The answer regarding using operators rather than MapReduce has merits, and may be far more beneficial to your efforts to get real time responses. Map Reduce on mongodb does not lend itself to yielding real time responses.
Further to that, you may also benefit from the new aggregation framework (http://www.mongodb.org/display/DOCS/Aggregation+Framework), once that is available in the next release.
To answer the more general question about how to scale out MapReduce, adding a new server may not help if you are simply going to add it as a secondary, as a secondary it will not have the capability to store your M/R results in a collection, so inline is your only option. If you do not need to store results in a collection then this is your easiest way forward. For more information, see an in-depth discussion here: http://groups.google.com/group/mongodb-user/browse_thread/thread/bd8f5734dc64117a
Sharding can help with scaling out, but bear in mind that you will need to run everything through a mongos process, have config servers and that the mongos will need to finalize the result sets returned from each shard, so you add a new potential bottleneck depending on your data and you will need more than just one extra machine to have it working in a reliable manner.
It is the connections between different data items that is most valuable to them (they let the public do the work of categorising the data to make it valuable) and hence also the most dangerous to you http://indresult.com
What is an example of data that is "predistilled or aggregated in runtime"? (And why isn't MongoDB very good with it?)
This is a quote from the MongoDB docs:
Traditional Business Intelligence. Data warehouses are more suited to new, problem-specific BI databases. However note that MongoDB can work very well for several reporting and analytics problems where data is pre-distilled or aggregated in runtime -- but classic, nightly batch load business intelligence, while possible, is not necessarily a sweet spot.
Let's take something simple like counting clicks. There are a few ways to report on clicks.
Store the clicks in a single place. (file, database table, collection) When somebody wants stats, you run a query on that table and aggregate the results. Of course, this doesn't scale very well, so typically you use...
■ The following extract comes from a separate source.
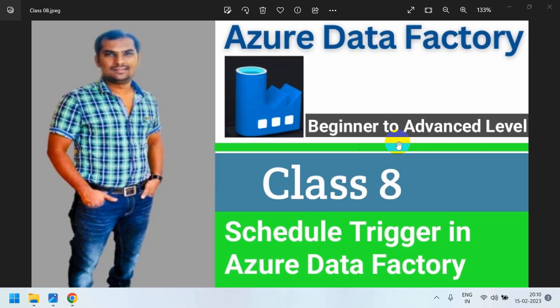Hi friends, in this session I am going to explain scheduled triggers in Azure Data Factory. This is one of the most important concepts in Azure Data Factory real-time environment. If you're watching for the first time, please subscribe to my channel.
Batch jobs. Store your clicks as in #1, but only summarize them every 5 minutes or so. When people want to query the summary table. Note that "clicks" may have millions of rows, but "summary" may only have a few thousand rows, so it's much quicker to query.
Count the clicks in real-time. Every time there's a click you increment a counter somewhere. Typically this means incrementing the "summary" table(s).
Now most big systems use #2. There are several systems that are very good for this specifically (see Hadoop).
#3 is difficult to do with SQL databases (like MySQL), because there's a lot of disk locking happening. However, MongoDB isn't constantly locking the disk and tends to have much better write throughput.
So MongoDB ends up being very good for such "real-time counters". This is what they mean by predistilled or aggregated in runtime.
But if MongoDB has great write throughput, shouldn't it be good at doing batch jobs?
In theory, this may be true and MongoDB does support Map/Reduce. However, MongoDB's Map/Reduce is currently quite slow and not on par with other Map/Reduce engines like Hadoop. On top of that, the Business Intelligence (BI) field is filled with many other tools that are very specific and likely better-suited than MongoDB.
What is an example of data that is "predistilled or aggregated in
runtime"?
Example of this can be any report that require data from multiple collections.
And why isn't MongoDB very good with it?
In document databases you can't make a join and because of this it hard to build reports. Usually reports it's data aggregating from many tables/collections.
And since mongodb (and document database in general) good fit for data distribution and denormalization better to prebuild reports whenever it possible and just display data from this collection in runtime.
For some tasks/reports it is not possible to prebuild data, in this case mongodb give to you map/reduce, grouping, etc.